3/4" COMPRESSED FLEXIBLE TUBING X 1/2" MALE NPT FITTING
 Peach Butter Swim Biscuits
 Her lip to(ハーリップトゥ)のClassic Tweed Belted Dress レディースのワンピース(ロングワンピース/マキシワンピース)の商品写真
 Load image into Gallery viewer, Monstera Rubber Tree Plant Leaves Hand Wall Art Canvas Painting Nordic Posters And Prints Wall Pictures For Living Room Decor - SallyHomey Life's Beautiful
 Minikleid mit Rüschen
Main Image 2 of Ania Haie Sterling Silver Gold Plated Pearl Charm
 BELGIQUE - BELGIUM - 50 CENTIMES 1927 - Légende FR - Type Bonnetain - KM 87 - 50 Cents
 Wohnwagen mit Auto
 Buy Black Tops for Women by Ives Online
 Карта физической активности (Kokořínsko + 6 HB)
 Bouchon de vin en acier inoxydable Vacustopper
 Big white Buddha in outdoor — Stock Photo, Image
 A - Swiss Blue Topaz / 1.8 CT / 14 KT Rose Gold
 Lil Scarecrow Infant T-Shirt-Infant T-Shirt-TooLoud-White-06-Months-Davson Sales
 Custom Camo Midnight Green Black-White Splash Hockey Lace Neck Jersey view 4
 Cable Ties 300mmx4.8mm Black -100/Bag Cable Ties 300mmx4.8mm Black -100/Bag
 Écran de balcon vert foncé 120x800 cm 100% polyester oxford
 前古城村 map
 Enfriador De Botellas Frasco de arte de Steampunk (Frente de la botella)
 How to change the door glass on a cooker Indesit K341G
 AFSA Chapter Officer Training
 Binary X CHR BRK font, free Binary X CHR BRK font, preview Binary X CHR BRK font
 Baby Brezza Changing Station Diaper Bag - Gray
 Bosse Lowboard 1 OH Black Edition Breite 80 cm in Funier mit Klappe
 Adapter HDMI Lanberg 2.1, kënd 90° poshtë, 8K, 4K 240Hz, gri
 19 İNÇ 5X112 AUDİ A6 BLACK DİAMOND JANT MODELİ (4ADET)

- - -

• Description of the task
Repeat exactly the lines from the line containing "AFSA Chapter Officer Training" through the last line of the records above, including both, and nothing else.

• Exercise output
 AFSA Chapter Officer Training
 Binary X CHR BRK font, free Binary X CHR BRK font, preview Binary X CHR BRK font
 Baby Brezza Changing Station Diaper Bag - Gray
 Bosse Lowboard 1 OH Black Edition Breite 80 cm in Funier mit Klappe
 Adapter HDMI Lanberg 2.1, kënd 90° poshtë, 8K, 4K 240Hz, gri
 19 İNÇ 5X112 AUDİ A6 BLACK DİAMOND JANT MODELİ (4ADET)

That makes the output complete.